US News does use selectivity (and other factors that presumably are reflected in the peer assessments). Why not eliminate the subjective peer assessment scores and spread its weight across the other factors?
An argument for keeping the PA scores would be that the peer assessors have insights into college quality that the modelers cannot easily capture from a few objective measures alone. A similar argument could be made for keeping “financial resources”. It assigns extra weight to all the other good things that money can buy (facilities, etc.)
@tk21769, you are correct about Chicago’s retention rate. We have corrected the error, and thanks for bringing it up. So Chicago drops from 4 to 7 now, and Brown rises from 16 to 8, rather than 16 to 7. There are other minor changes for rankings 7 through 13 only. We also changed the word “duplicate” to “magnify.”

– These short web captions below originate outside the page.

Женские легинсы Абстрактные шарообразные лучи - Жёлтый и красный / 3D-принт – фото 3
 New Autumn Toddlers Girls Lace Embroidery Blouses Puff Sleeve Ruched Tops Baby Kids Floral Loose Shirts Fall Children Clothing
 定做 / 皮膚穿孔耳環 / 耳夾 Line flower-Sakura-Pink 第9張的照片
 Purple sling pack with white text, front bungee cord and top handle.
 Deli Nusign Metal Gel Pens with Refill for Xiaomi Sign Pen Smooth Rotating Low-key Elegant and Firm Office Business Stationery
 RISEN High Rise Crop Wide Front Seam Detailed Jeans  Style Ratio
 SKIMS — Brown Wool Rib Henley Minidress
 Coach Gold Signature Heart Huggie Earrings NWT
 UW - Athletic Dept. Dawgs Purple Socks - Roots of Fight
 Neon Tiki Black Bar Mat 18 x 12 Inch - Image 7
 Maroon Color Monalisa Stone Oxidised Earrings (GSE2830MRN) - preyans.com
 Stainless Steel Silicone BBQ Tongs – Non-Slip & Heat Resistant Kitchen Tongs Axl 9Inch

The reason we say that reputation and graduation rates are the most important is that we had to begin our comparison with metrics that U.S. News employs, and in terms of those metrics, academic reputation and grad rates are the most prominent.
You are correct in saying that Chicago’s four-year rate is better than Stanford’s, but Stanford has a 15% enrollment in engineering, while Chicago has no engineering majors. UC Berkeley has 12%. One reason most rankings use the six-year rate is that the four-year rate is extremely biased against schools such as Ga Tech, MIT, Stanford, Michigan, and Berkeley, etc., all of which have a lot of engineering majors.
Finally, many of the changes are fairly minor–but many are extremely large. Thanks again for the correction.
I find it interesting that most of the high-risers (ones that moved up 6 or more slots) were large publics. Is this due to not penalizing for large class sizes? Or was there another factor that played into it?
Yes, engineering and other high-requirement majors may have greater chance of extra semesters of school needed.
Measuring graduation rates in years also penalizes schools where many students take time off, but still (for example) complete their degrees over 8 semesters spread across more than 4 years. Schools big into co-op programs, or which enroll many non-traditional or lower income students who take time off to work to earn money to pay for school, may be the one most penalized here. Reporting additionally the graduation rate in 8/10/12 semesters (or 12/15/18 quarters) may provide additional useful information here.
“One reason most rankings use the six-year rate is that the four-year rate is extremely biased against schools such as Ga Tech, MIT, Stanford, Michigan, and Berkeley, etc., all of which have a lot of engineering majors.”
The above fact has been pointed out many, many times to posters here on CC.